Ukrainian Jewish leaders are disputing the government’s decision to transfer control of the Babi Yar Memorial Complex to a state institute.
The Ukraine Cabinet of Ministers voted June 25 to transfer control of the complex of memorials at the Babi Yar ravine outside Kiev to the Ukrainian Institute of National Memory. The memorials commemorate victims of World War II and political repression.
“Transferirng the complex under the control of that Ukrainian institution is an incorrect decision because it does not have enough experience in the field of commemoration of Holocaust victims,” lawmaker Aleksandr Feldman, the head of the Ukrainian Jewish Committee, told JTA.

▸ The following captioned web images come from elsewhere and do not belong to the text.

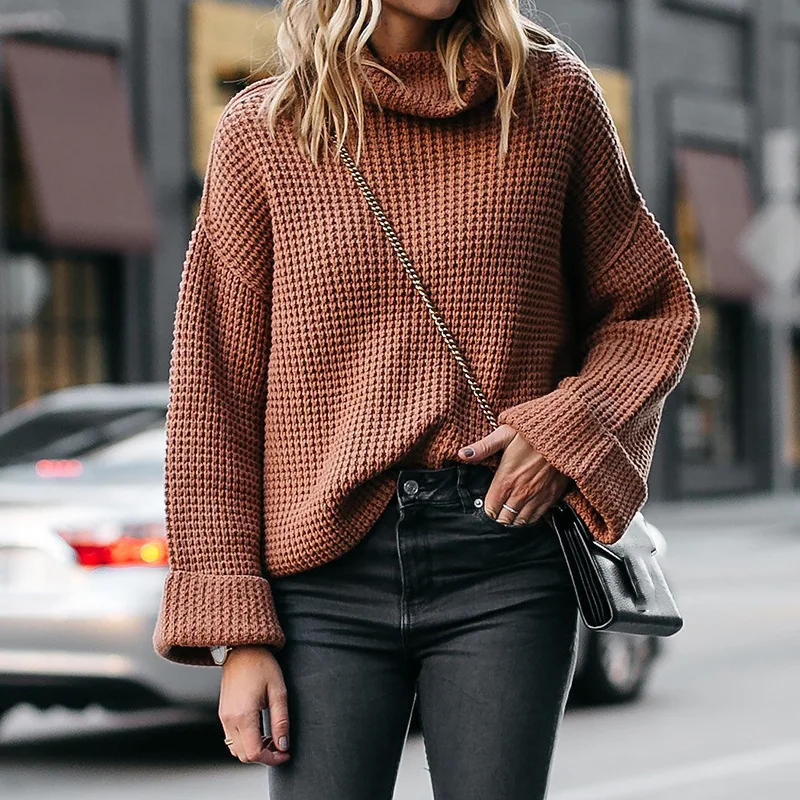 New Style for Autumn and Winter European and American Cross-Border Amazon EBay Turtleneck Loose Sweater Women's Knitted Sweater
New Style for Autumn and Winter European and American Cross-Border Amazon EBay Turtleneck Loose Sweater Women's Knitted Sweater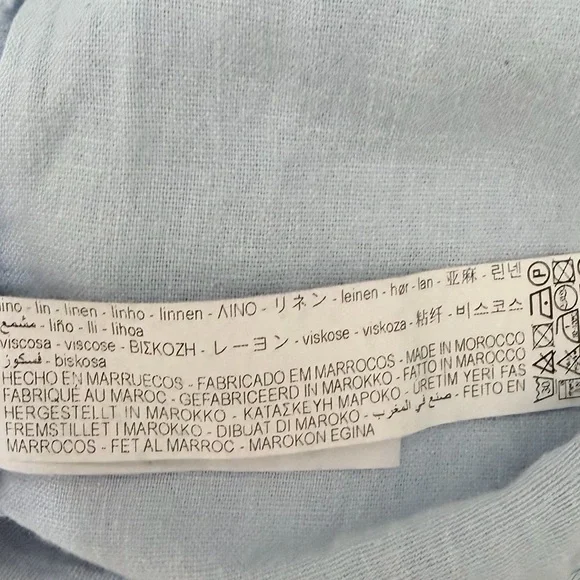 ZARA Linen Blend Tiered Babydoll Mini Dress Blue Medium Coastal Summer - Picture 4 of 7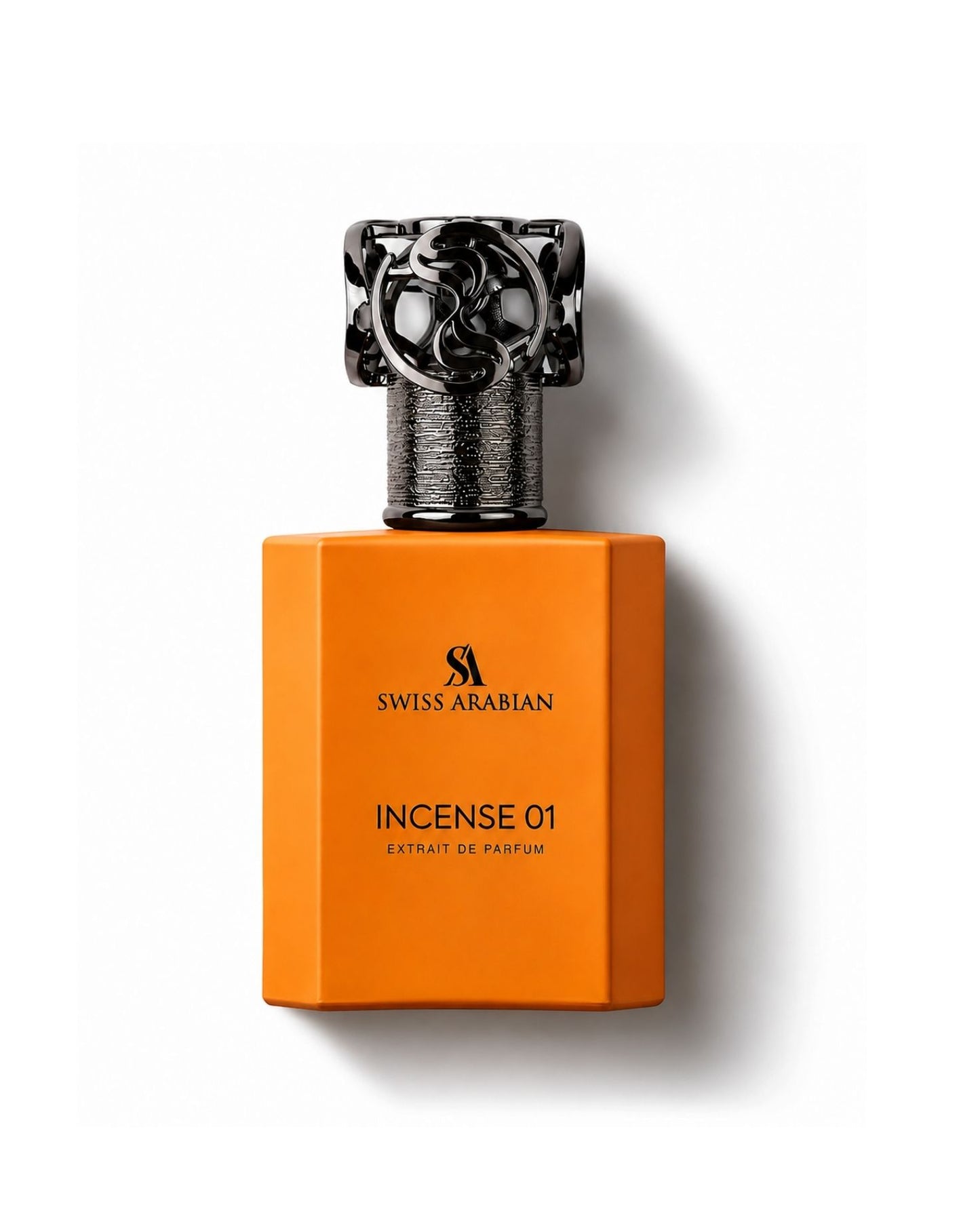 Swiss Arabian Incense 01 Extrait de Parfum in an orange rectangular bottle topped with an ornate dark metallic cap.
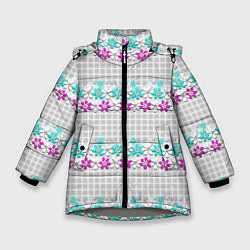 Зимняя куртка для девочки Цветочный узор бирюзово-розовый на сером клетчатом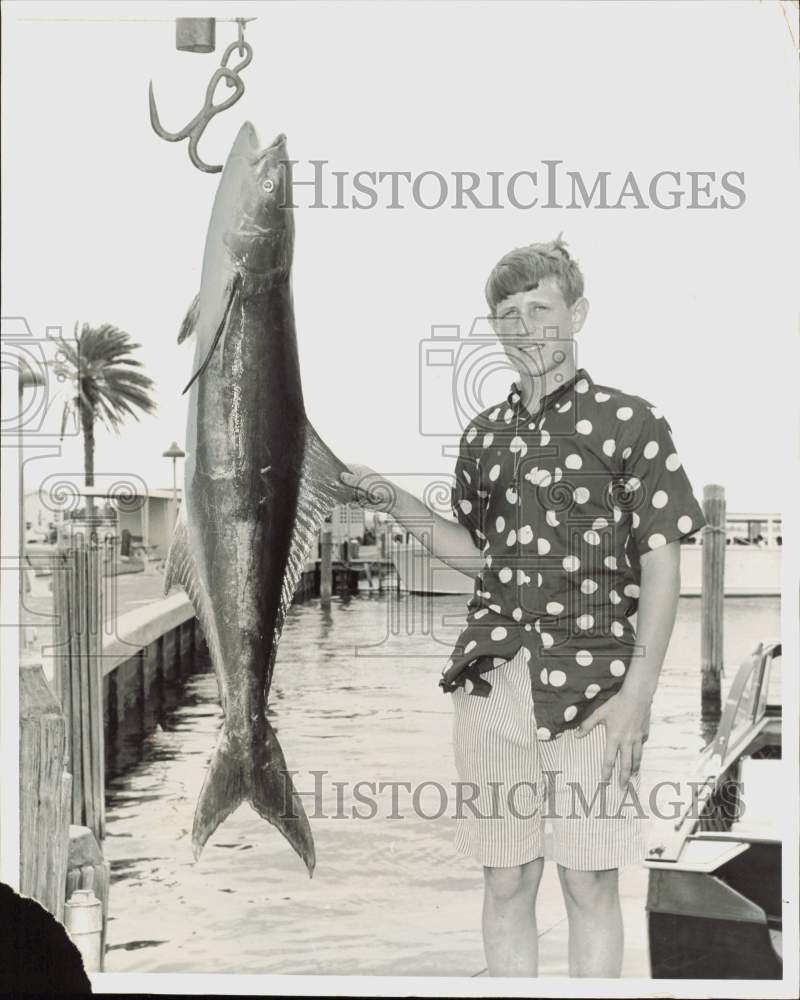 1966 Press Photo Andy Burns of NC with cobia fish he caught at Haulover Docks- Historic Images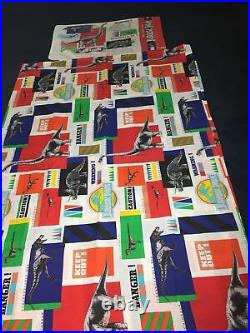 Vintage 90s JURASSIC PARK Movie Pillowcase Curtains Set 1992 All Over Print Red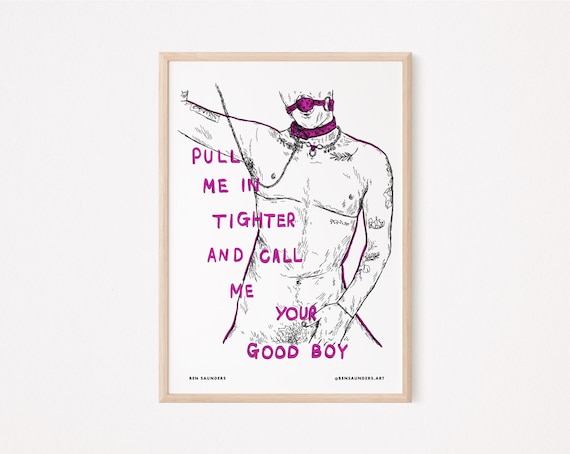 Good Boy | Queer Gay Kink Print | Puppy Trans Queer Artwork | Line Illustration Print | LGBTQ Pride Queer Transgender T4T Drawing Print NSFW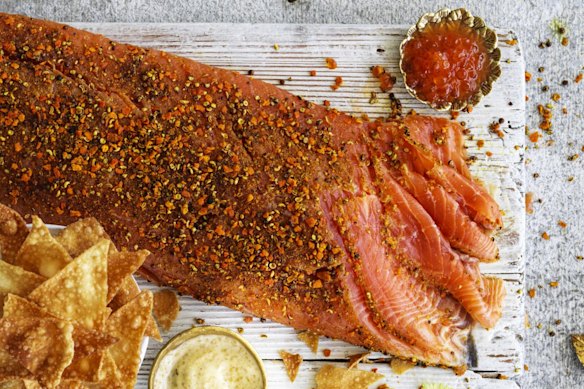 Citrus-cured, Sichuan-crusted ocean trout.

The Institute of National Memory was created in 2006 to examine and memorialize the crimes of the former communist regime, including the Holodomor, or Great Famine, and Hitler’s genocide.
In March 2007, the Ukrainian government had decreed that the complex was to become the State Historical and Cultural Preserve Babi Yar under the aegis of the Ukrainian Ministry of Culture and Tourism.
From 2005 to 2007, the construction of a memorial to Holocaust victims, including a synagogue, yeshiva and Jewish museum, split the Jewish community in Ukraine.
Nearly 34,000 Jews were massacred at Babi Yar on Sept. 29-30, 1941. More than 100,000 people, mostly Jews, were killed at the ravine during World War II.